TROPPO POCO – Sulla legittimità, e anche l’importanza, del successo giallorosso invece non ci piove, anche se resta la sensazione dell’occasione persa, soprattutto perché dopo un quarto d’ora la Roma è già sul 2-0. In scioltezza: Manolas mette la testa su un tiro di Pellegrini, Dzeko punisce l’amico Sehic a conclusione di un triangolo stretto tra le tre punte, una specie di lavagna in movimento delle teorie tattiche di Di Francesco. Che alla vigilia aveva chiesto cattiveria e voglia di fare il risultato. Accontentato: primi due tiri, due gol. Sembra il principio di un diluvio di gol – due settimane fa il Chelsea agli azeri ne ha rifilati sei –, magari anche approfittando di un avversario malleabile per affinare meccanismi e intese. Invece basta. Troppo presto. E troppo poco. Nella ripresa appena tre conclusioni serie, tutte ispirate da Dzeko: ma due concluse dai terzini, una da Florenzi nel finale.

SOTTO RITMO – Di Francesco propone cinque cambi rispetto alla partita con l’Udinese, ma più degli uomini è il ritmo a non convincere. Il calcio del tecnico giallorosso funziona se le combinazioni in fase offensiva vengono attuate con pochi tocchi, e sincronia al limite della perfezione. Invece la Roma gioca sotto ritmo, come se avesse un paio di marce nel motore ma senza la capacità di usarle. Sono 102 i chilometri percorsi, in una competizione in cui la media è 110. Si potrebbe ipotizzare un retropensiero al Milan, prossimo avversario in campionato, ma è più semplice analizzare i motivi delle difficoltà. Nainggolan sembra più concentrato sulla posizione da tenere (che non trova) piuttosto che libero di sprigionare il proprio istinto, e di certo non aiuta la prestazione di Gonalons, al quale pure non dovrebbe mancare l’esperienza in partite del genere. Invece l’ex Lione fa fatica a proporsi, non rappresenta il fulcro delle azioni, non si propone – così l’azione, con tutto il Qarabag sotto-palla, deve sempre partire dai due centrali di difesa -, soprattutto perde palloni sanguinosi in una posizione che non ammette quel tipo di errori. Sul più grossolano, il mobilissimo centravantiNdlovu gli porta via palla e innesca l’elettrico Henrique: controllo e tiro, partita che sembra riaperta.

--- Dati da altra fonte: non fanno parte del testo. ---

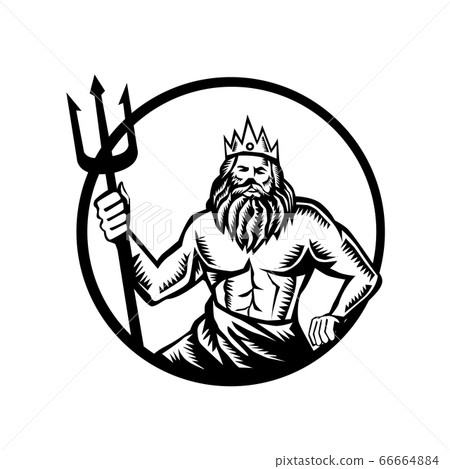Poseidon Holding Trident Circle Woodcut Black and 66664884
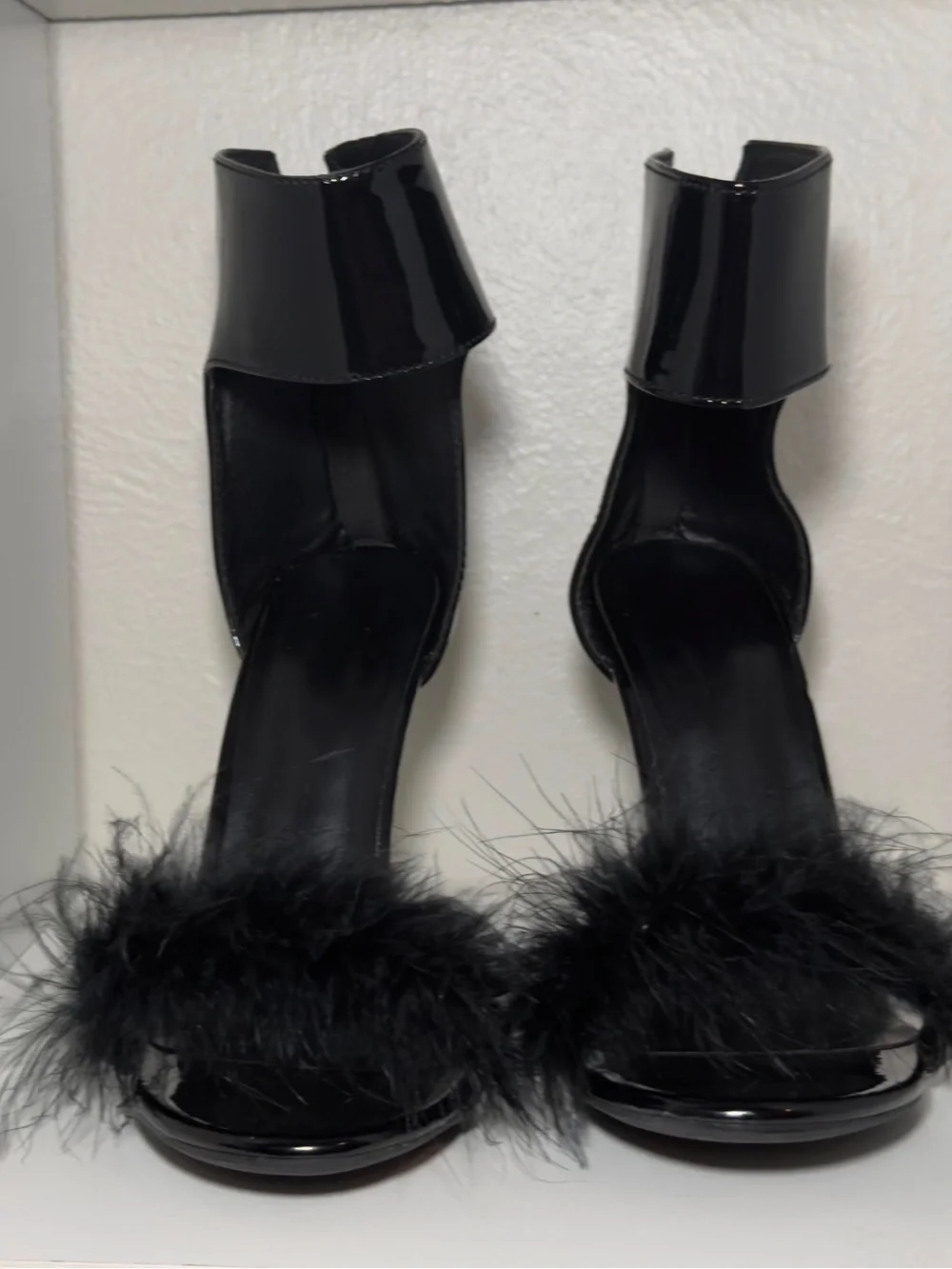 SHEIN Black Patent Faux Fur Ankle-Strap High Heels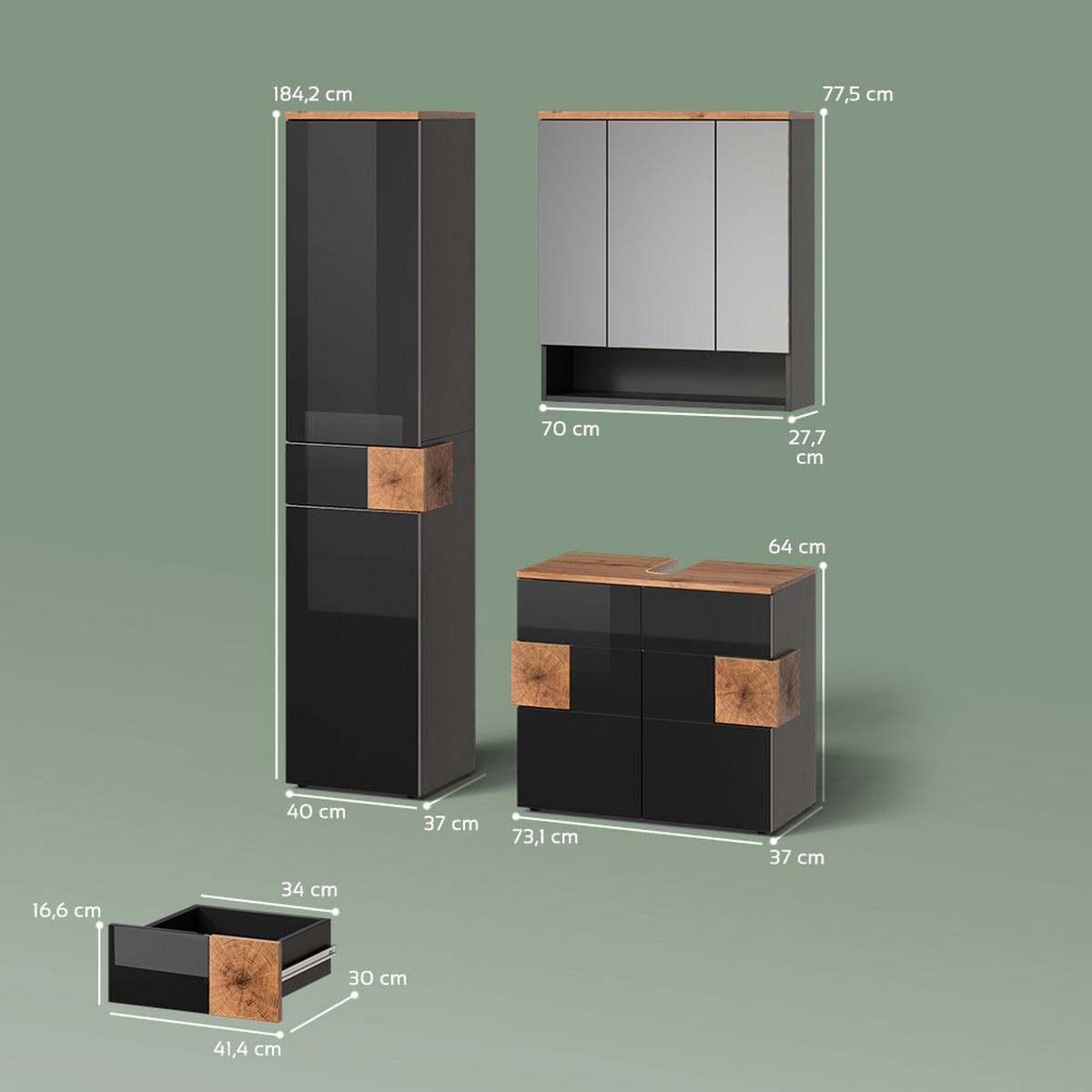 BADMÖBEL-SET Tanaro Anthrazit 3 Teile, mit Hochschrank - Anthrazit, Holzwerkstoff (73/64/37cm) - Livinity®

CAMBI – Sembra, appunto, perché pur non brillando i giallorossi riescono a controllarla, con Pellegrini che è il più continuo a proporre tocchi di prima e a farsi vedere nell’interlinea della trequarti, con Kolarov che invita da sinistra, con qualche buon movimento del tridente, e Defrel spreca una sontuosa verticalizzazione di Dzeko sul finire di primo tempo: il 3-1 avrebbe riavviato l’ipotesi della goleada. Invece il Qarabag si rianima a inizio ripresa con il 4-3-3 che alza gli esterni e costringe a maggior attenzione i terzini giallorossi, la pioggia accompagna il furore azero del primo quarto d’ora in cui la Roma sembra perdere un po’ presa sulla partita. I cambi aiutano però Di Francesco. Florenzi per Defrel (problema muscolare al flessore sinistro, niente Milan) aggiunge attenzione a destra, De Rossi per Gonalons riporta equilibrio e presenza scenica in mezzo al campo. Con un ultimo brivido, il colpo di testa di Ndlovu che sfiora il palo: ecco il rischio europeo di non chiudere le partite. Certo, con i quattro punti in classifica si può pensare con maggior tranquillità a come migliorare. Le basi non mancano.